(Web page caption snippets)
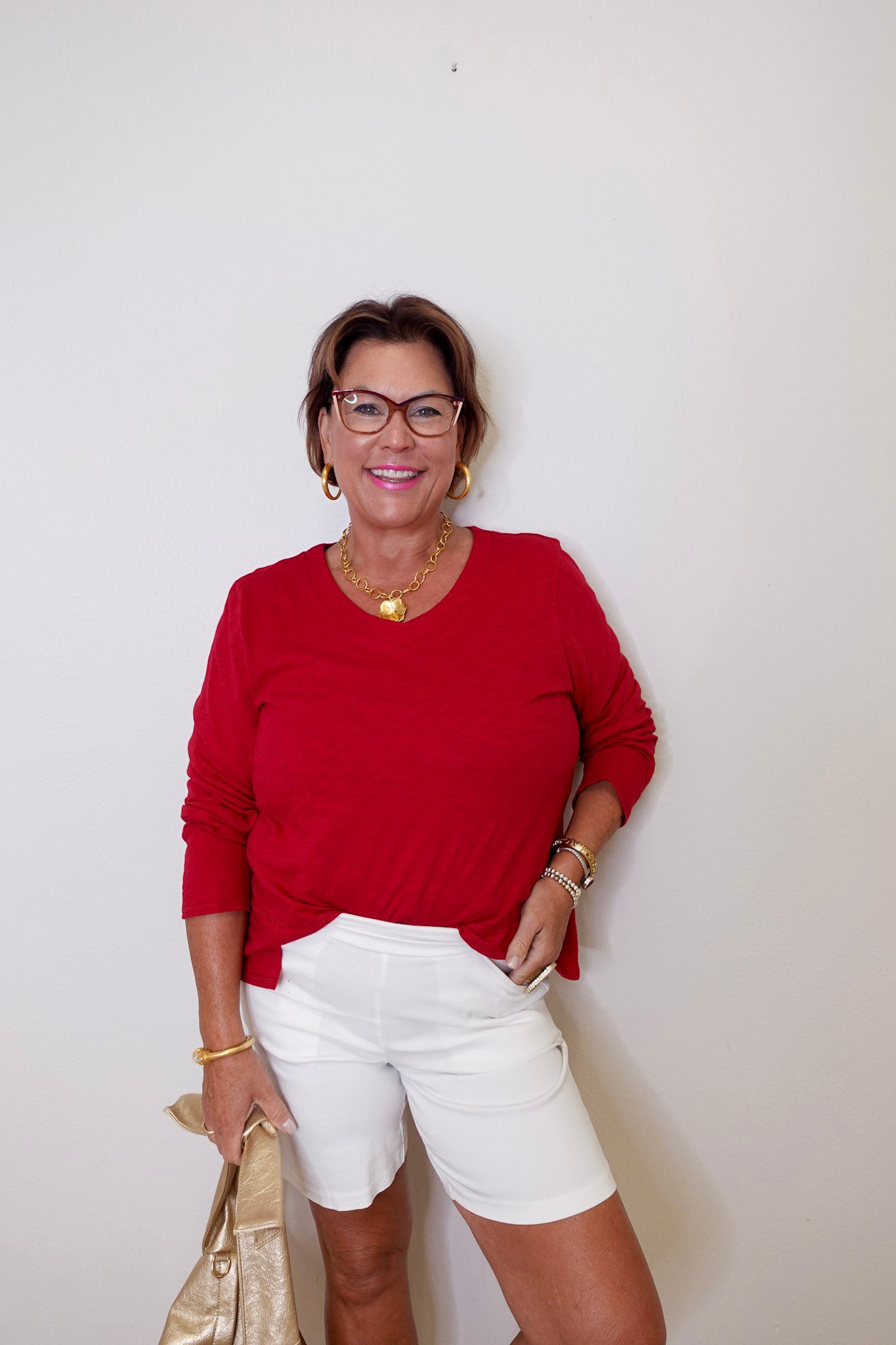 Woman wearing a red top and white shorts against a plain background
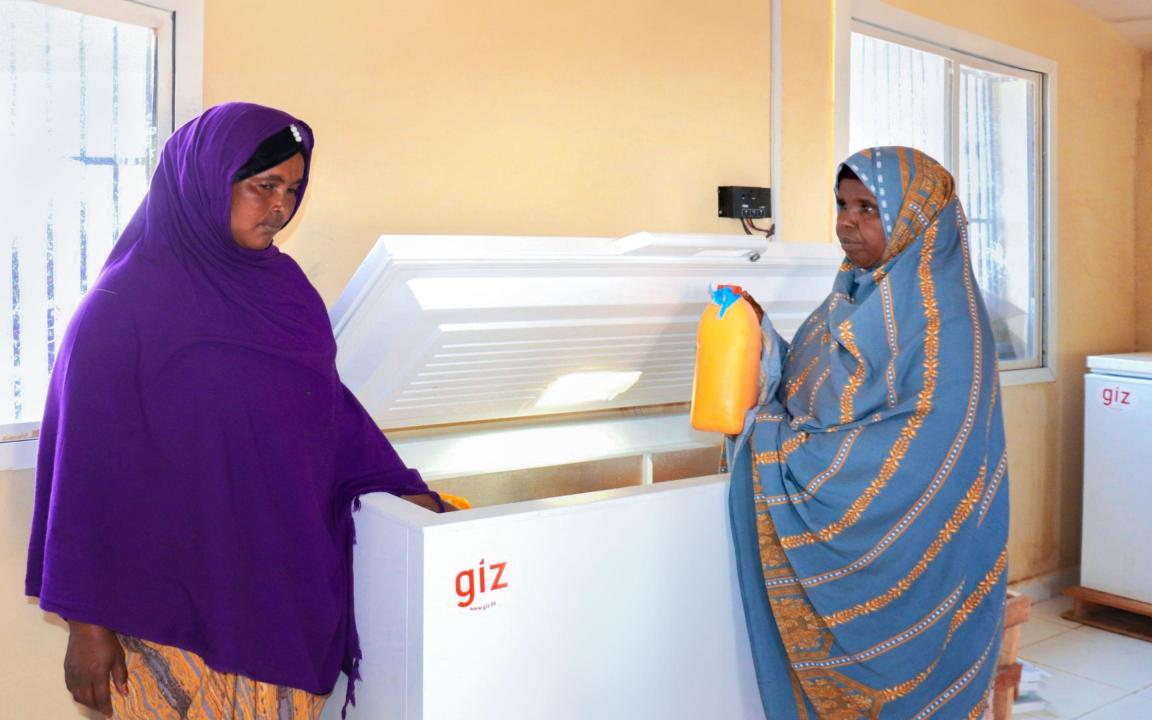Two women are standing at a freezer cabinet, one of them is holding a milk container in her hand.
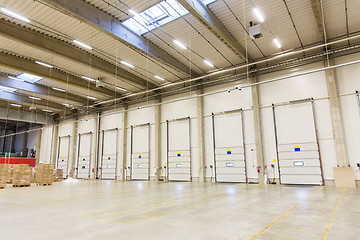 Image showing warehouse doors or gates and cargo boxes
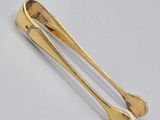 a pair of gold plated spoons on a white surface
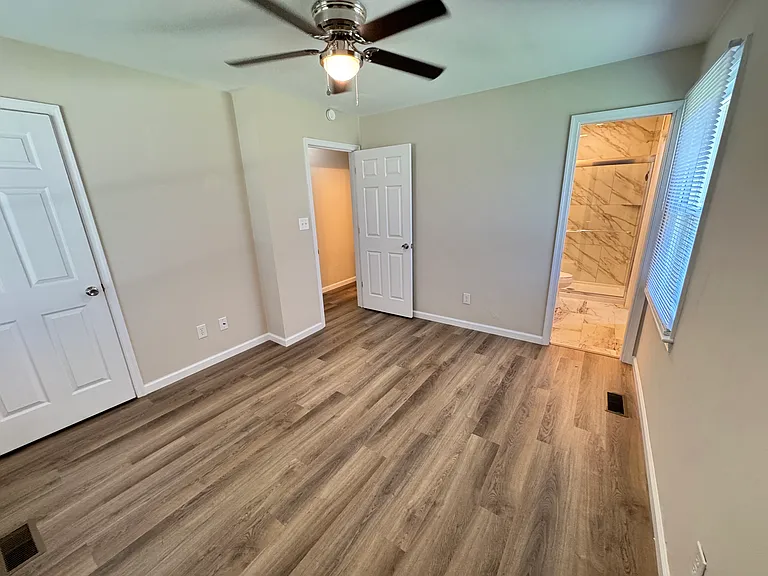 Master bdrm - looking at bathroom on the right, additional closet on the left, door in the middle
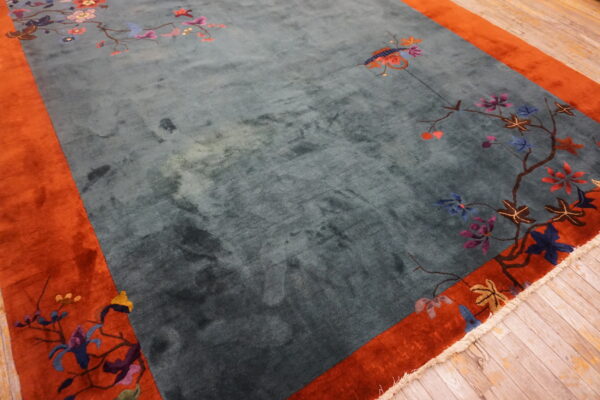 Plush teal rug with a rusty orange border and scattered colorful floral branch motifs.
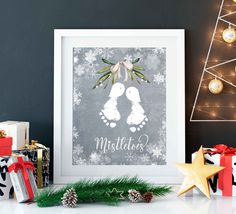 a christmas card with the word mistlet on it next to presents and a tree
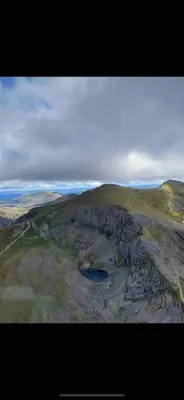 an aerial view of a mountain with a lake on it at Serene Llanbedr Retreat with Garden View in Llanbedr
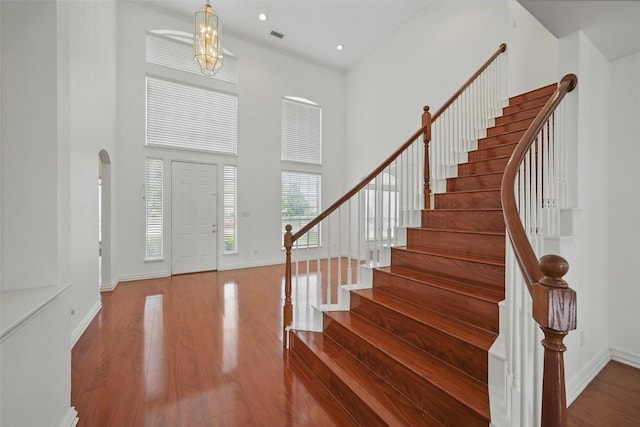 518 Hawthorne Dr, Murphy, TX 75094 - foyer featuring wood finished floors, stairs, baseboards, a high ceiling, and recessed lighting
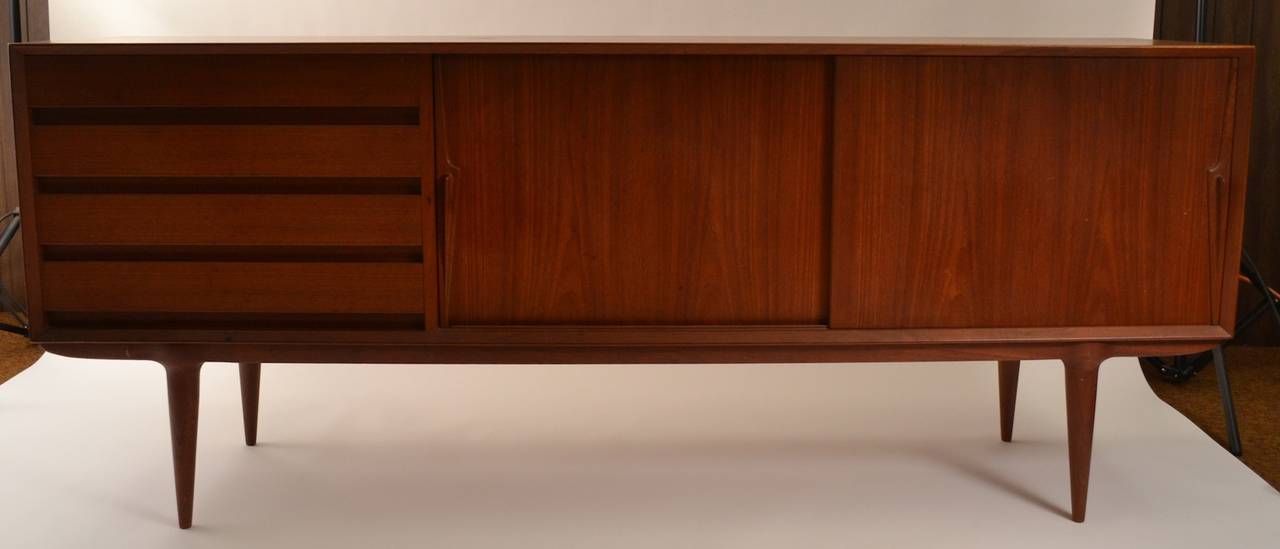Nice credenza designed by Gunni Omann,  four drawers on one side, two sliding doors on the other, which open to storage. Great form provides ample storage, ready to use original condition.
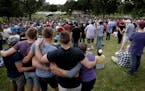 The crowd listened to speakers at a vigil held at Loring Park for the victims of the Orlando shooting. ] CARLOS GONZALEZ cgonzalez@startribune.com - J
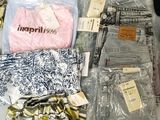 a lot of clothes that are sitting on a table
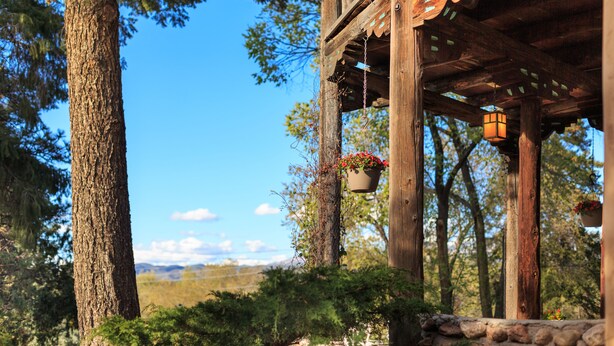 A wooden gazebo with hanging flower baskets and lanterns, surrounded by trees and a stone wall.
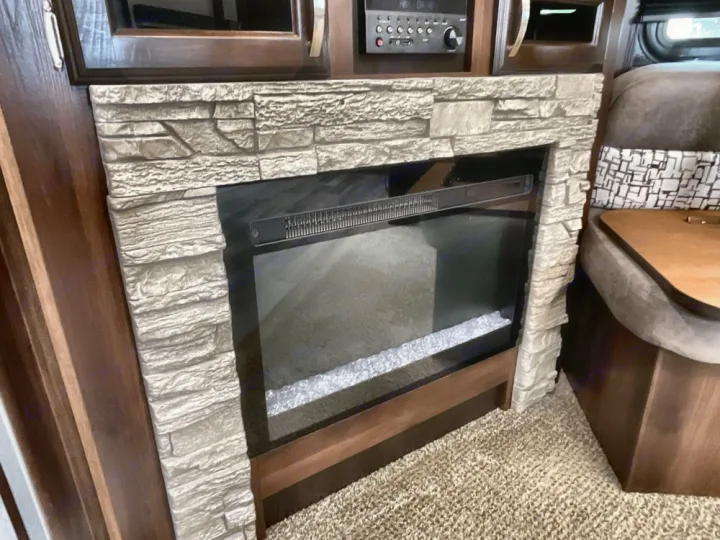 Cozy RV rental interior featuring an electric fireplace with a stone surround, entertainment center, and comfy dinette seating.. Jayco White Hawk 2019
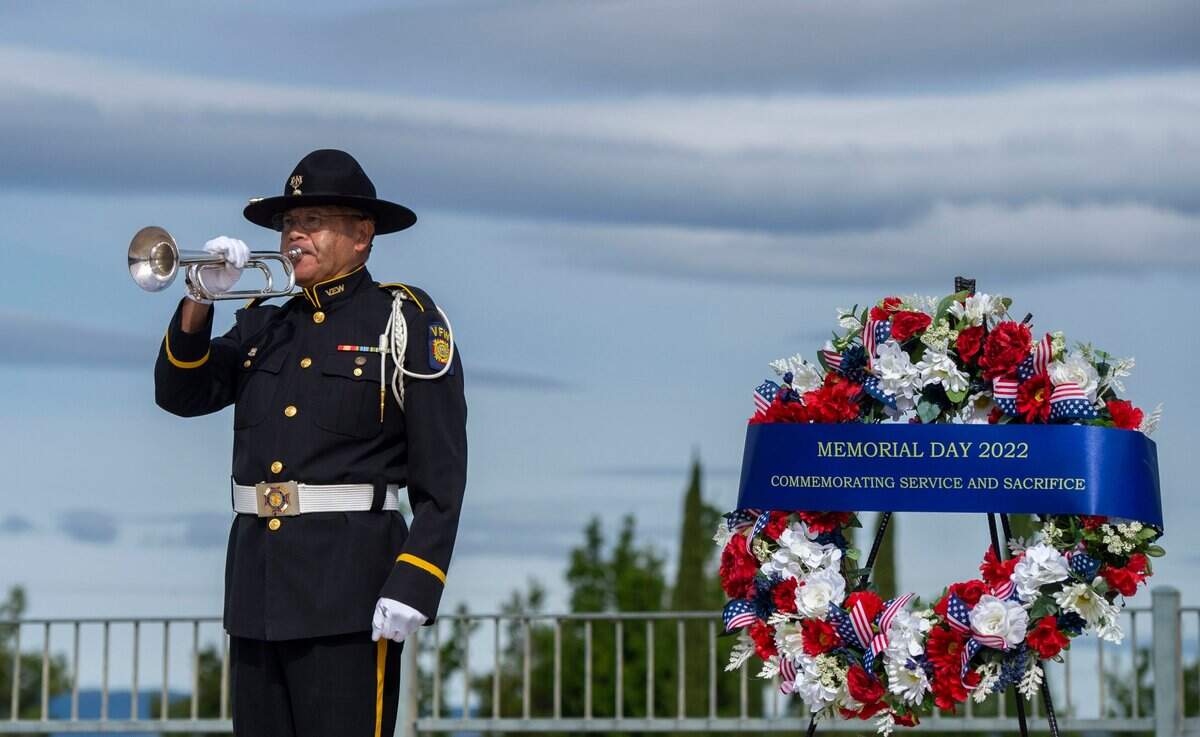 Veterans of Foreign Wars state bugler Baldwin Wong, with the Service Veterans of Northern California, plays taps following a wreath presentation during a Memorial Day ceremony at the Sacramento Valley National Cemetery in Dixon on Saturday.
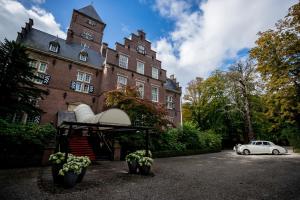 una macchina bianca parcheggiata di fronte a un edificio di Kasteel de Wittenburg a Wassenaar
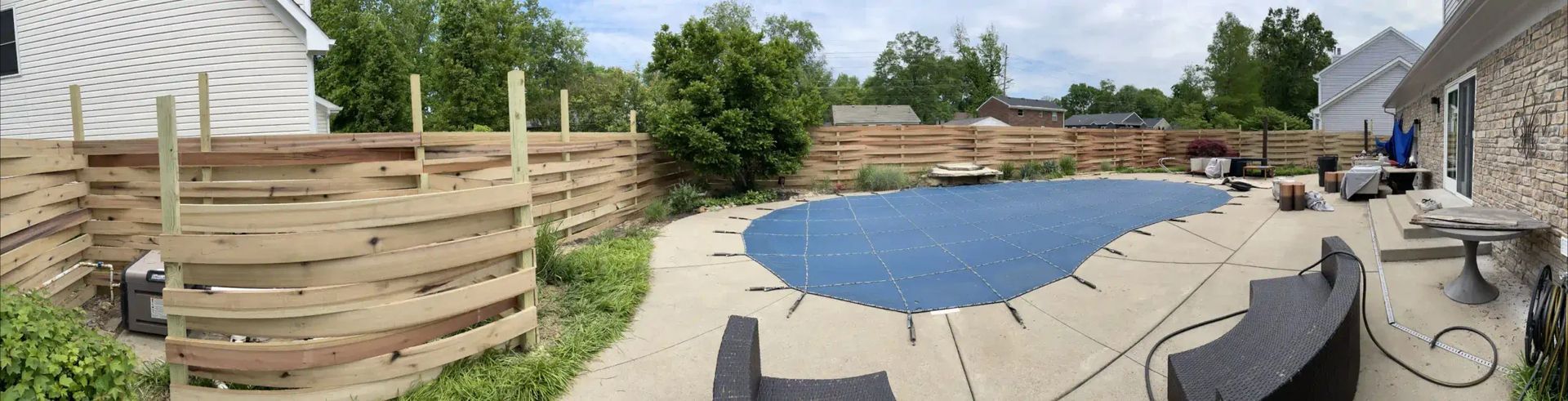 Backyard with a pool covered by a blue tarp, surrounded by a fence and stone patio.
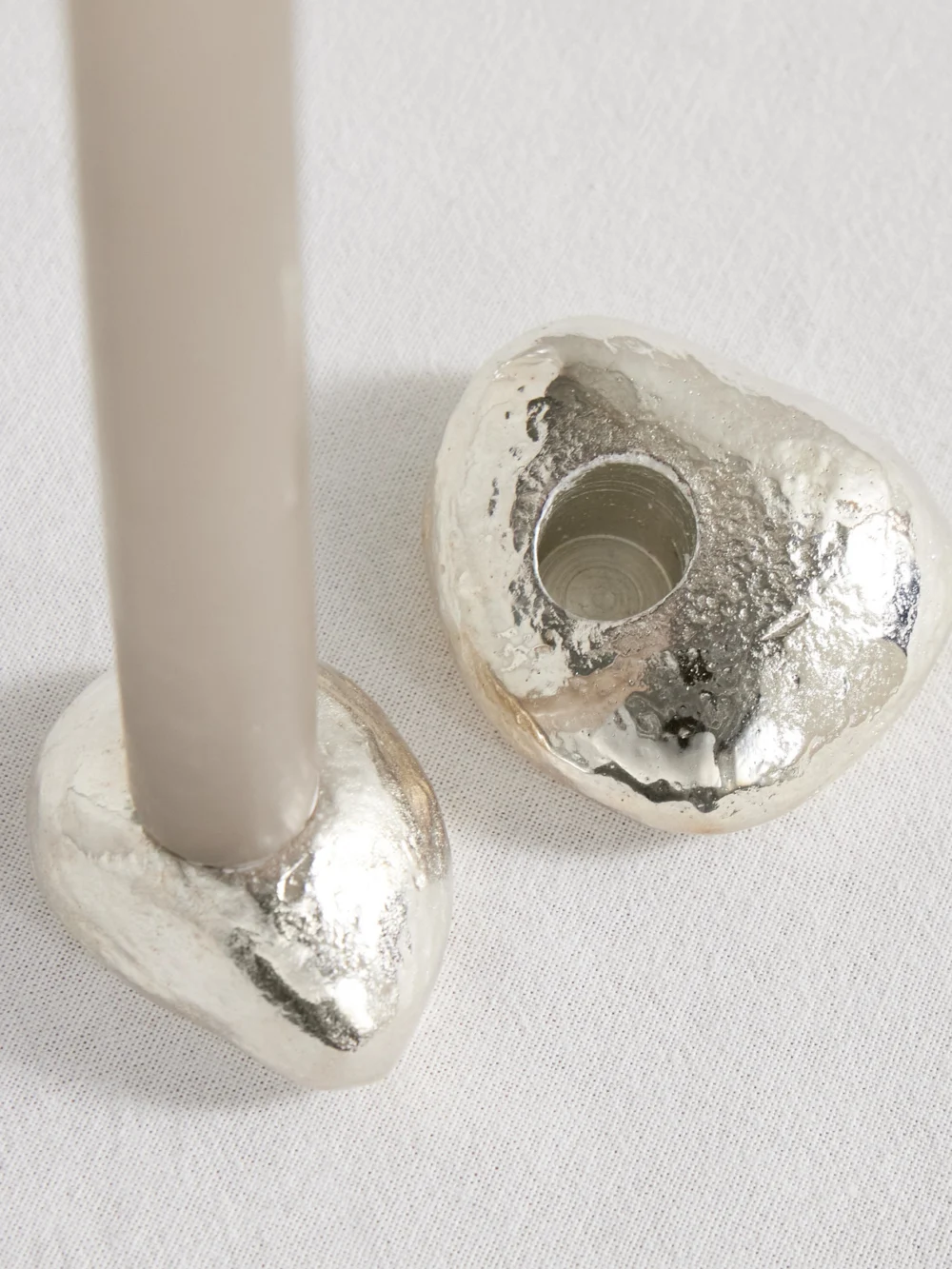 Close-up detail of the Alighieri The Floating Pebble Set of Two Silver-plated Candlesticks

-- Problem to work on --
The answer must be the lines above, word for word, from the first one through the line with "A wooden gazebo", pictures excluded.

-- Answer box --
 Woman wearing a red top and white shorts against a plain background
Two women are standing at a freezer cabinet, one of them is holding a milk container in her hand.
 Image showing warehouse doors or gates and cargo boxes
 a pair of gold plated spoons on a white surface
 Master bdrm - looking at bathroom on the right, additional closet on the left, door in the middle
 Plush teal rug with a rusty orange border and scattered colorful floral branch motifs.
 a christmas card with the word mistlet on it next to presents and a tree
 an aerial view of a mountain with a lake on it at Serene Llanbedr Retreat with Garden View in Llanbedr
 518 Hawthorne Dr, Murphy, TX 75094 - foyer featuring wood finished floors, stairs, baseboards, a high ceiling, and recessed lighting
Nice credenza designed by Gunni Omann,  four drawers on one side, two sliding doors on the other, which open to storage. Great form provides ample storage, ready to use original condition.
 The crowd listened to speakers at a vigil held at Loring Park for the victims of the Orlando shooting. ] CARLOS GONZALEZ cgonzalez@startribune.com - J
 a lot of clothes that are sitting on a table
 A wooden gazebo with hanging flower baskets and lanterns, surrounded by trees and a stone wall.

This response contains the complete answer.